- Artist: Nilda M. Comas
- Year: 2022
- Medium: Marble sculpture
- Subject: Mary McLeod Bethune
- Dimensions: (11 feet (including pedestal) in)
- Weight: 6,129 lbs
- Location: Washington, D.C., United States;

= Statue of Mary McLeod Bethune (U.S. Capitol) =

Statue by Nilda M. Comas

Nilda Comas sculpting Mary McLeod Bethune out of clay for a marble statue to be installed in Statuary Hall in Washington D.C.

The statue honoring civil rights and women's rights activist Mary McLeod Bethune was unveiled in the United States Capitol in Washington, D.C., representing Florida in the National Statuary Hall Collection on July 13, 2022. This makes her the first black American represented in the National Statuary Hall Collection.

The statue is made of Italian Carrara marble and was carved by Nilda M. Comas in Pietrasanta, Italy.

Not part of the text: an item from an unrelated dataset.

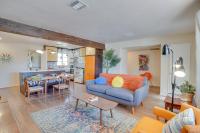 Centrally Located Tucson Home with Fenced-In Yard! - B&B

The marble came from the same Tuscan quarry used by Michelangelo to carve David. The completed statue weighs 3 tons and measures 11 feet tall, including the base.

Master sculptor, Comas, is the first artist of Puerto Rican descent to be commissioned to contribute to the National Statuary Hall Collection. She was the artist selected out of a pool of 1,600. She worked from her studios in Ft. Lauderdale, Florida and Pietrasanta, Italy, and she traveled to Mayesville, South Carolina--Dr. Bethune's hometown--to research the life and personality of her subject.

In addition to conveying a likeness, the statue represents symbols of Dr. Bethune's life and legacy. Dr. Bethune is clad in cap and gown to represent her lifelong devotion to education. Comas sculpted the rose from a Spanish black marble. The token commemorates Dr. Bethune's visit to a multi-colored rose garden, in which she envisioned the possibility of racial harmony and the value of diversity to individuals and society alike. The base of the statue serves to balance the weight of the statue as a whole and was carved into forms of large books, the words on the spines are the actual words of Dr. Bethune's last will and testament, "I leave you love, hope, faith, racial dignity, a thirst for education, courage and peace." The statue's cane represents a cherished cane that Dr. Bethune once leaned upon, a cane that President Franklin Roosevelt had possessed and gifted to her through her friend, Eleanor Roosevelt. Finally, the statue's base is inscribed with a quote from Dr. Bethune: "Invest in the human soul. Who knows, it may be a diamond in the rough."

The statue replaced Confederate General Edmund Kirby Smith's statue as one of Florida's two offerings to the collection.